You’ll find that once you’ve got it down pat, you will do it naturally. What’s most important about doing it naturally is to relax. In order to do it naturally, you can’t think about it. Do you think about walking? No, you just do it. If you think about it, you lose your instinct and automatic reflexes.

An example:

I bought Heelies, those fagly sneakers with roller skates on them. I figured it would be easy to use them because I have been roller skating since I was a child. Wrong.

My first time wearing my Heelies, I couldn’t skate more than a couple feet. I would lose balance and fall. I would drag my foot and not go anywhere. I couldn’t skate on them because I had to lift and balance my feet in a certain way or else fall or drag.

I spent the first 20 minutes in-between two cars trying to skate. I would take a step, lift my toes, skate a couple feet, stop, and then walk back to the starting line.

Once I learned how to balance myself, I left the cars and started skating for longer distances. This was difficult because I was so afraid of losing my balance that I would stop whenever I went too fast. I had to conquer my fear of falling. I took a walk around the block and took small skate steps as much as I could.

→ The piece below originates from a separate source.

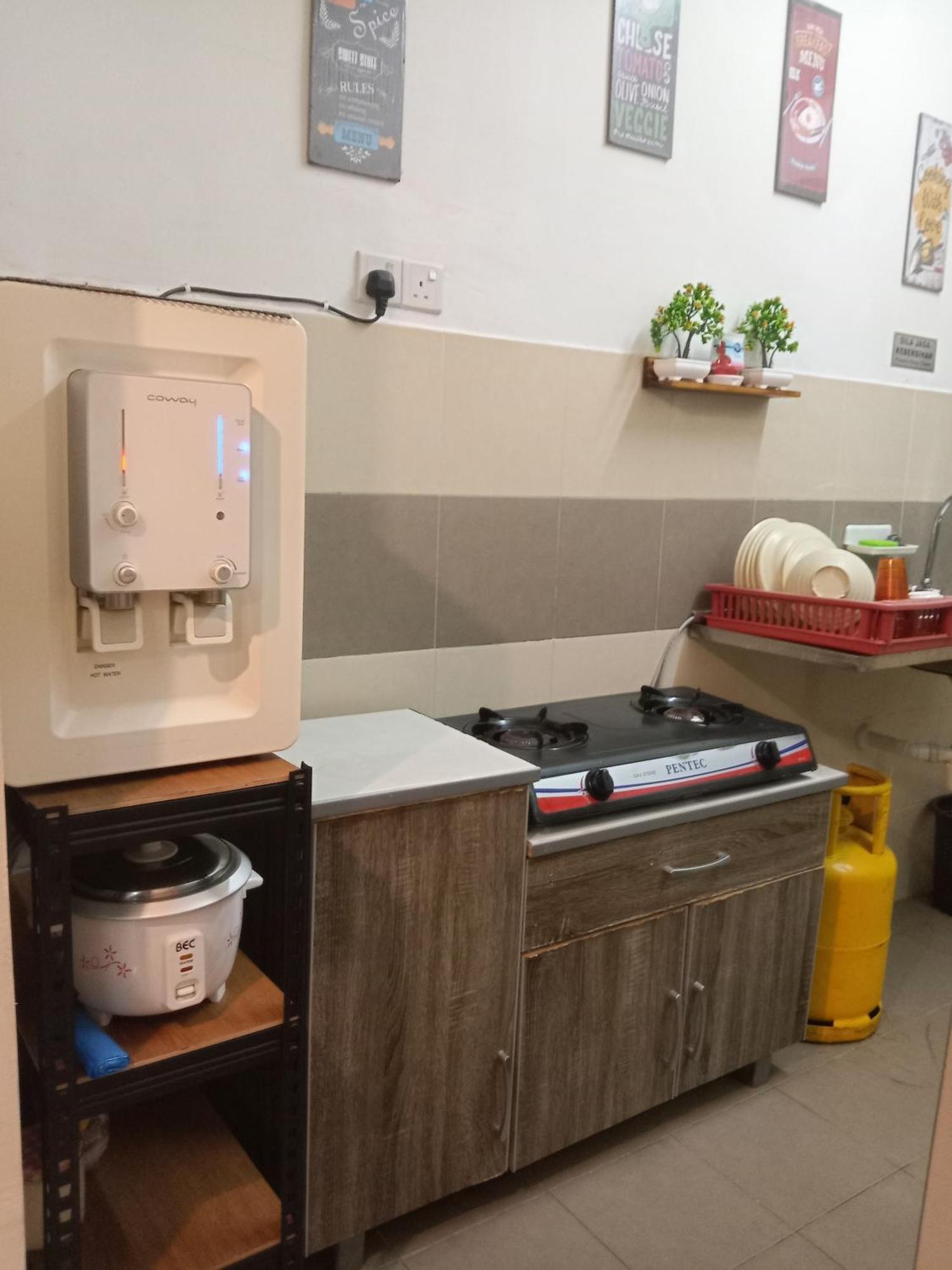 Homestay Budget Kuala Terengganu Tulipsia House Екстер'єр фото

Once skating became more natural, I practiced skating downhill. It was difficult because I was focusing too much on balancing my heels and toes. I was dragging too much and would lose my balance too easily. I skated down as far as I could and then walked back up. Each time, I would consciously say, lift my left toe, balance my right toe. I repeatedly focused on getting the motions down. Skate down, walk up, skate down, walk up. After 20 minutes of repetition, I stopped thinking about the balance and started doing it.

My next goal was for longer distances.

The process of continuously developing and expanding one’s abilities to better standards is called stretching. What makes magick so difficult is that it often sets up unrealistic expectations. Unrealistic expectations occur when one sets out to do something that is beyond one’s abilities. Common examples include many weight loss programs. As long as you weight train three days a week, do cardiovascular exercise three days a week, and maintain a balanced diet without any fluctuation, you’re guaranteed to lose weight and build muscle. Got it. Now go try it. Good luck. See you later. Plans are only good on paper; the minute they are put into action, they fall apart.

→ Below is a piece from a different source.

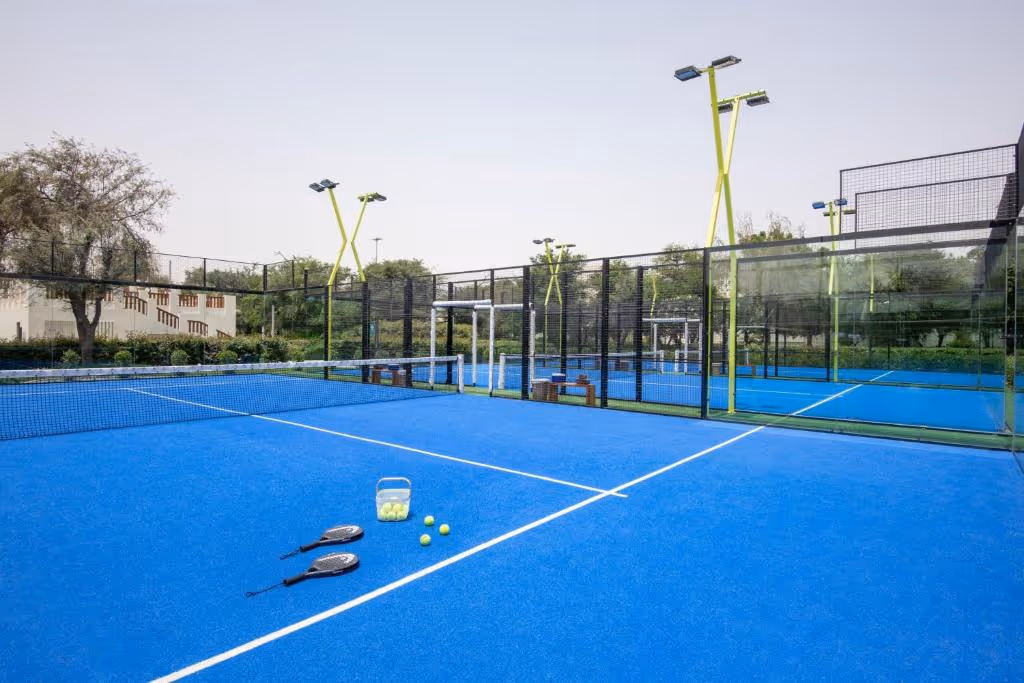 al-messila,-a-luxury-collection-resort-&-spa,-doha-qatar-3-padel-courts-doha-court1.jpg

Start with something you can do. Start with the most important component of your goals. For example, diet is more important than exercise, cardiovascular more important than weight training. Work on your diet first. Once you have your diet down pat, work on cardiovascular exercise. Once you have your cardio down, move to weight training. Once you’re able to bench press fifty pounds, go for sixty.

Stretching simple means upping the ante. Once you feel you have the hang of something, try to do something harder.

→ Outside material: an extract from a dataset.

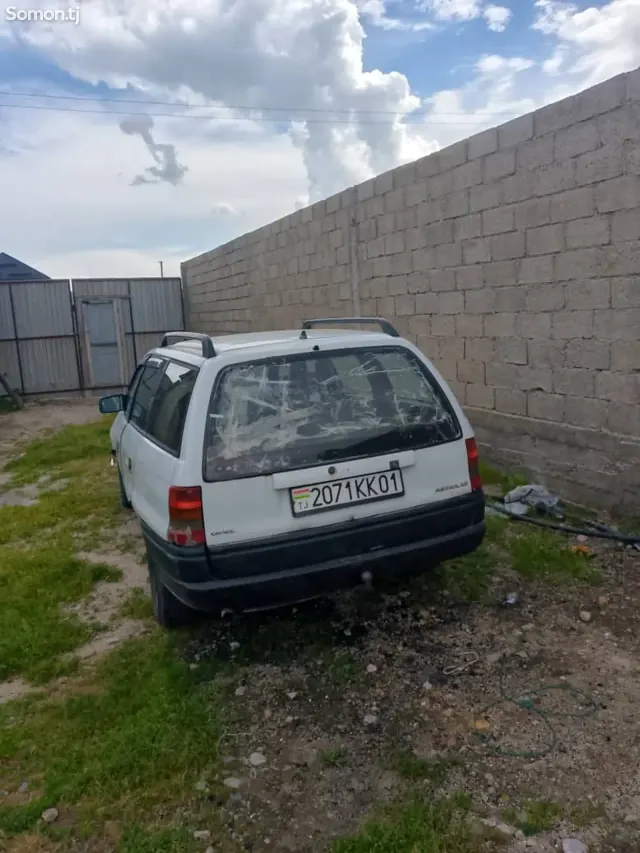 Opel Astra F 1994 · 1.6 MT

Imagine all of the things that you can’t do. Find something marginally beyond your ability. Try it out. Push yourself to go a little further in small steps.

If you walk a mile, walk another block or two.

You’d be surprised at what you are capable of.

A good example of stretching is in the movie Unbreakable where Bruce Willis’ character David Dunn is lifting weights. His son keeps putting on heavier weights without Dunn realizing it until he finds out that he is benching a ridiculous amount of weight.

But if you find that you cannot do something harder, fall back and do something easier until you are ready to proceed.

All too often the biggest limitations on our performance are ourselves (and often other people). Having worked with the disabled, I’ve seen mindless vegetables do relatively impossible tasks that others had written off as beyond their capability. This is known as the Pygmalion effect, whereby people perform up to the expectations that other’s place upon them.

Don’t concentrate on it. Just do it and practice it. The skills will come surprisingly. You’ll wake up and say, wow, I really did this. I’m doing it.